Given the importance of establishing the factual “requirements” for a Section 4(1½) exemption as a basis for the opinion, counsel should seek certificates from the holder of the securities and the purchaser of the securities confirming the facts that form the basis for the opinion. Counsel may use the following language as a starting point in drafting a certificate from the holder, tailored as appropriate to the applicable facts:

Holder hereby represents as follows:

  1. Holder understands that the offer and sale of the Securities to Purchaser has not been registered under the Securities Act by reason of an exemption from the Securities Act’s registration requirements and that the availability of that exemption depends, among other things, on the accuracy of the representations in this certificate.
  2. The offer and sale of the Securities to Purchaser is not being effected for, on behalf of or in concert with the Issuer or any other person.
  3. Holder has not offered or sold the Securities pursuant to any form of general solicitation or general advertising.
  4. Immediately prior to making the offer of the Securities to the Purchaser and as of the date of this certificate, Holder had and has reasonable grounds to believe, and did and does believe, that Purchaser is an “accredited investor” as defined in Rule 501(a) of Regulation D under the Securities Act or a “qualified institutional buyer” as defined in Rule 144A under the Securities Act.
  5. Holder has made available to Purchaser all material information about the Issuer within Holder’s possession or to which it has access.

C. Form of Purchaser Certificate

Counsel may use the following language as a starting point in drafting a certificate from the purchaser, tailored as appropriate to the applicable facts.

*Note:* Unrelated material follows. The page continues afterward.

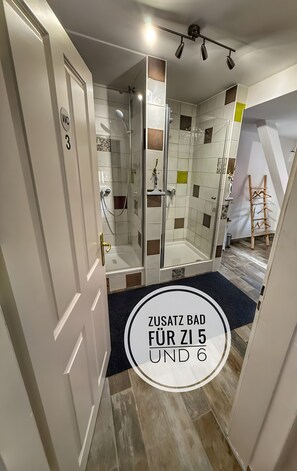 Shower, free toiletries, hair dryer, towels - Holiday Apartment No. 8 with Shared Garden and Wi-Fi (Burghaslach)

Purchaser hereby represents as follows:

  1. Purchaser understands that the offer and sale of Securities have not been registered under the Securities Act by reason of an exemption from the Securities Act’s registration requirements and that the availability of that exemption depends, among other things, on the accuracy of the representations in this certificate.
  2. Purchaser is an “accredited investor” as defined in Rule 501(a) of Regulation D under the Securities Act or a “qualified institutional buyer” as defined in Rule 144A under the Securities Act.
  3. Purchaser understands that the Securities are “restricted securities” as that term is defined in Rule 144 under the Securities Act.
  4. Purchaser has no present intention to resell the Securities, and Purchaser will not resell or otherwise transfer the Securities except pursuant to an exemption from the registration requirements of the Securities Act or in a transaction registered under the Securities Act.
  5. Purchaser is able to bear the economic risk of an investment in the Securities and has sufficient financial resources to incur and sustain a loss of a portion or all of its investment in the Securities without economic hardship.
  6. Purchaser has received or has access to information about the Issuer that it considers sufficient to make an informed investment decision.